Das Misstrauen zwischen Al-Sisi und Erdoğan ist groß: Für Al-Sisi ist der türkische Präsident der größte Sponsor der Muslimbruderschaft. Erdoğan seinerseits wird niemals vergessen, dass der ägyptische Präsident den gescheiterten Putsch in der Türkei gegen ihn willkommen hieß.

Infografik Karte Politische Akteure in Libyen und regionale Akteure; Quelle: DW
Vom Krieg rivalisierender libyscher Milizen nach dem Sturz Gaddafis zum regionalen Stellvertreterkrieg: Neben der Türkei ist Qatar der wichtigste Verbündete der Einheitsregierung in Tripolis. Haftar wird außer von Ägypten unter anderem von Russland und den Vereinigten Arabischen Emiraten unterstützt. In Libyen kämpfen seit dem gewaltsamen Ende des langjährigen Diktators Muammar al-Gaddafi im Jahr 2011 rivalisierende Gruppen um die Macht. Ein Großteil des Ostens und Südens des Landes wird immer noch von Haftars Truppen kontrolliert.

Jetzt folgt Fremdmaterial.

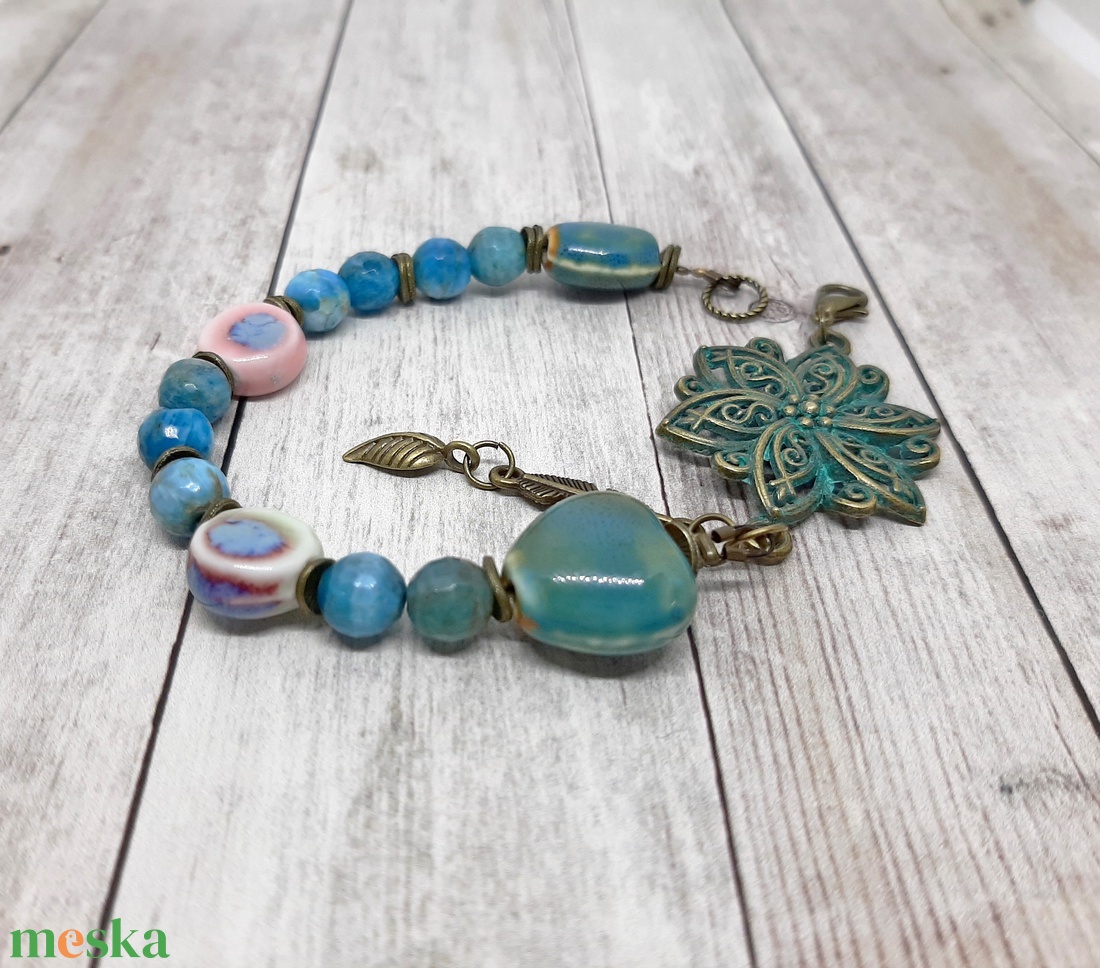 Apatit-kerámia karkötő, bohém stílus ékszer, kék karkötő, féldrágakő karkötő - ékszer - karkötő - gyöngyös karkötő - Meska.hu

Dass Ägypten eine größere Zahl Soldaten nach Libyen schickt, ist aber eher unwahrscheinlich. Ägyptens Generäle dürften zögern, sich direkt im libyschen Chaos in einen längeren Abnutzungskrieg verwickeln zu lassen, bei dem es am Ende keinen militärischen Sieger gibt.

Kampf an mehreren Fronten

Außerdem ist die ägyptische Armee immer noch mit einem Guerilla-Krieg im Nordsinai beschäftigt, wo ihr militante Islamisten das Leben schwer machen. Daneben droht dem Land gerade noch eine weitere, derzeit noch politische Front, mit dem Streit um einen gigantischen äthiopischen Nilstaudamm ("Grand Ethiopian Renaissance Dam"), der Ägyptens strategische Wasserreserven bedroht.

Wenn Ägypten tatsächlich in Libyen militärisch interveniert, könnte es eher seine Luftwaffe zum Einsatz bringen. Wahrscheinlich aber ist, dass diese ägyptische Drohgebärde Teil eines größeren Bildes ist. Im Hintergrund handeln nun schon seit Wochen die Türkei und Russland eine Linie aus, wie weit die Milizen aus Tripolis vorrücken können. Wie weit können sie gehen und dabei türkische Unterstützung genießen und wann kommt der Punkt, an dem sie von russischen Kampfjets angegriffen werden, die ebenfalls im Osten Libyens auf Seiten Haftars stationiert sind?

Es gibt ein wichtiges Motiv des ägyptischen Säbelrasselns, das über allen anderen steht. Al-Sisi und seine Strategen haben eines verstanden: Nur jene Mächte, die in Libyen militärische Präsenz zeigen, wie die Türkei und Russland, haben auch ein gewichtiges Wort bei möglichen politischen Verhandlungen um die Zukunft Libyens mitzureden. Da möchte Ägypten als direktes Nachbarland auf keinen Fall außen vorgelassen werden.